The history and geography of feeling less than wonderful is known to me
The dates of broken bubbles and the whereabouts of every lost belief
And from the Point of Tears I see how far away across the Sea of Troubles
The Pinnacles of Happiness are halfway hidden in the Clouds of Grief.

My common sense can tell me all it likes to count myself among the lucky
For pity's sake to draw a breath and take a look around me and compare
But all I seem to see and hear is something I'm unable to remember
The flowing speech that stuttered out, the pretty song that faded on the air.

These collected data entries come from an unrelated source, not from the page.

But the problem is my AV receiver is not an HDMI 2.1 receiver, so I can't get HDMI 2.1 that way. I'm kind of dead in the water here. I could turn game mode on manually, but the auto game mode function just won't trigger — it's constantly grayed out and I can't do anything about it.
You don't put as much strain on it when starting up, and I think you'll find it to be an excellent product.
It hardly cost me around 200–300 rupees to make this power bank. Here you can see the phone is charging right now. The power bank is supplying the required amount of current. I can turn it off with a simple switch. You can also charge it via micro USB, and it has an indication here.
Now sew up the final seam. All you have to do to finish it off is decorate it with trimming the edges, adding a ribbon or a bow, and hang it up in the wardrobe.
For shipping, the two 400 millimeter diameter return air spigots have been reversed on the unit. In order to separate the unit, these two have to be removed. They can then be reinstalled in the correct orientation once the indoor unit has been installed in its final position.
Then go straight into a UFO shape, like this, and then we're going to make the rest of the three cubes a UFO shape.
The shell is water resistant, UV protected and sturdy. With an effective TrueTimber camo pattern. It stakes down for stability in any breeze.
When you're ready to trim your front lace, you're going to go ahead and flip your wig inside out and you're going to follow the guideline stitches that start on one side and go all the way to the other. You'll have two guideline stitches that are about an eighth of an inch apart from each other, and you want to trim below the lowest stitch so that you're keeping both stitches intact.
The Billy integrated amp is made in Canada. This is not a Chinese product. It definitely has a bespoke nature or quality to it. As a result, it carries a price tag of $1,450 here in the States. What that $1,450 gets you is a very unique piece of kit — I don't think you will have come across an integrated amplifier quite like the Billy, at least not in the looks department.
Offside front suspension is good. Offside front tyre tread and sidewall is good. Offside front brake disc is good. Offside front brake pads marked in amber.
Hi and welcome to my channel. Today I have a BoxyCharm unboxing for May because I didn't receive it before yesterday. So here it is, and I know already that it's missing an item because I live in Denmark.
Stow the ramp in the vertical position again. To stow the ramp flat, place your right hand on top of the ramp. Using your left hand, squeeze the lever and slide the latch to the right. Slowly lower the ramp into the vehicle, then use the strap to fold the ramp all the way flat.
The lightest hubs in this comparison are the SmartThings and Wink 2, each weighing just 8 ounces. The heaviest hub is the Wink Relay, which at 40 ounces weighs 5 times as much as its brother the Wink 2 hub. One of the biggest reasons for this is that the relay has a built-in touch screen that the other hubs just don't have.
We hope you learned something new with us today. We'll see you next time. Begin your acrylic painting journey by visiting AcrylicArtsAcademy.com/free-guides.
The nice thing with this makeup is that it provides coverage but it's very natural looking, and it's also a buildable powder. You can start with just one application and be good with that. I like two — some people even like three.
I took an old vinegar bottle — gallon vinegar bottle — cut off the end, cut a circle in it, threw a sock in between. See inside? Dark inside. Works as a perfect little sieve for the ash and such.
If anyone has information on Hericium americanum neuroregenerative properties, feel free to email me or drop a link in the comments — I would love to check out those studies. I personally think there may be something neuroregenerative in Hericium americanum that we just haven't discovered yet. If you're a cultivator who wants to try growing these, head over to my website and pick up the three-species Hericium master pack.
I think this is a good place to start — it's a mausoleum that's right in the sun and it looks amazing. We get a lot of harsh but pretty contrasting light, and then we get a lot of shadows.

When the jet returns me half awake and half asleep to what I call my homeland
I look down into the midnight city through the empty inkwell of the sky
And in that kit of instruments laid out across a velvet-covered table
I know that nothing lives which doesn't hold its place more worthily than I.

Without a home, without a name, a girl of whom to say 'this is my sister'
For I am all the daughters of my father's house and all the brothers too
I comb the rubble of a shattered world to find the bright face of an angel
And say again and say again that I have written this - this is for you.

The history and geography of feeling less than wonderful is known to me
When sunsets are unlovely and the dawns are coldly calculated light
And from the Heights of Arrogance across the steps that later I regretted
I see those angel faces flame their last and flicker out into the night.

Note (from Collected Poems)

The lines about ‘the daughters of my father’s house and all the brothers too’ are spoken by Viola to Orsino in Twelfth Night, Act II Scene 4. When we were first writing songs in Footlights, Shakespeare productions were going on all the time all around us, and some of the Footlights comedians were doubling as serious actors, thus giving themselves an enhanced opportunity to neglect the set books and come away with a ruinous degree. There were very few actors who ever got a First, but they all knew more about Shakespeare than the proper scholars did, and the proper scholars, to give them their due credit, were aware of the fact, and incorporated the thrill of the performances into their learning.